What is the number of ways in which I can select 17 balls from an urn containing 30 balls?

Question

I have an urn that contains 30 balls with 10 coloured white, 10 coloured black and the remaining coloured red. Each ball is numbered, from 1 to 10: that is I have red balls numbered 1 to 10, black balls numbered 1 to 10 and white balls numbered 1 to 10. In how many ways can I select 17 balls such that I select a minimum of 4 red balls, 4 black balls and 4 white balls?

I need the quickest method to find the above out. There are long methods of solving it where I find the number of scenarios that violate the condition, such as those scenarios with 3 red balls or no black balls; these I subtract from the total number of ways of choosing 17 balls from the urn.

But is there a quicker way to solve this question?

(EDIT: All balls are now numbered. Please accept my apologies.)

(I will say this: The above problem is not a home-work problem from school.)

Answer 1

There are 21 composition of 17:

$17 = 4+4+9 , 17 = 4+5+8, .... , 17=9+4+4$

However, some of have the same structure are equivalent and we may take 3 or 6 of them at a time:

$ 3 \binom{10}{4} \binom{10}{4} \binom{10}{9} + 3 \binom{10}{5} \binom{10}{5} \binom{10}{7} + 3 \binom{10}{6} \binom{10}{6} \binom{10}{5} + 6 \binom{10}{4} \binom{10}{5} \binom{10}{8} + 6 \binom{10}{4} \binom{10}{6} \binom{10}{7} $

Answer 2

You can select 4 red balls from 10 white balls in $10\choose4$ ways. Similarly, for white and black balls.

So, we can select 4 red, 4 black and 4 white balls in ${{10}\choose {4}}* {{10}\choose {4}}*{{10}\choose {4}} $ ways.

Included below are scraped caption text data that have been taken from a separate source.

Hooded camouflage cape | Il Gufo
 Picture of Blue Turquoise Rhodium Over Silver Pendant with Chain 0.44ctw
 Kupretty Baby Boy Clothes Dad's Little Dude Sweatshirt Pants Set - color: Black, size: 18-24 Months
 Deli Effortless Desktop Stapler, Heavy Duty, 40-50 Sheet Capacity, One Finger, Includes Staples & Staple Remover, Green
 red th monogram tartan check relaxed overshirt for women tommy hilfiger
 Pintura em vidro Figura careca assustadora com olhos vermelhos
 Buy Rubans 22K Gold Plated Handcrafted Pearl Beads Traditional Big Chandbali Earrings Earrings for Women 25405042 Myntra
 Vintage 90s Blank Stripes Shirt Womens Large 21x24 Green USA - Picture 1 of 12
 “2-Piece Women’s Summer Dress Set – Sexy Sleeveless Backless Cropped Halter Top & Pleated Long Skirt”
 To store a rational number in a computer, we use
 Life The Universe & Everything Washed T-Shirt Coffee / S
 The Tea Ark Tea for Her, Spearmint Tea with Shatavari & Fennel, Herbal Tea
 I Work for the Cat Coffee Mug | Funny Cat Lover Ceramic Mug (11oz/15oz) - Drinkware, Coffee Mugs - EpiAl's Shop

We now have $5$ balls to select, from $30-12=18$ balls. This can be done in $18\choose5$ ways.

The answer thus becomes ${{10}\choose {4}}* {{10}\choose {4}}*{{10}\choose {4}} *{{18\choose5}}$ ways.

Answer 3

If the balls are identical you want the number of compositions of $17$ from three parts with each part being at least $4$ and at most $10$. In this case you can subtract $3$ from each number and ask the number of strong compositions of $8$ from three parts of at most $7$ and we note that the upper limit is no problem. You can use stars and bars to put the eight stars in a row and choose two of the seven gaps to change colors. You have $7 \choose 2$ ways to pick the balls.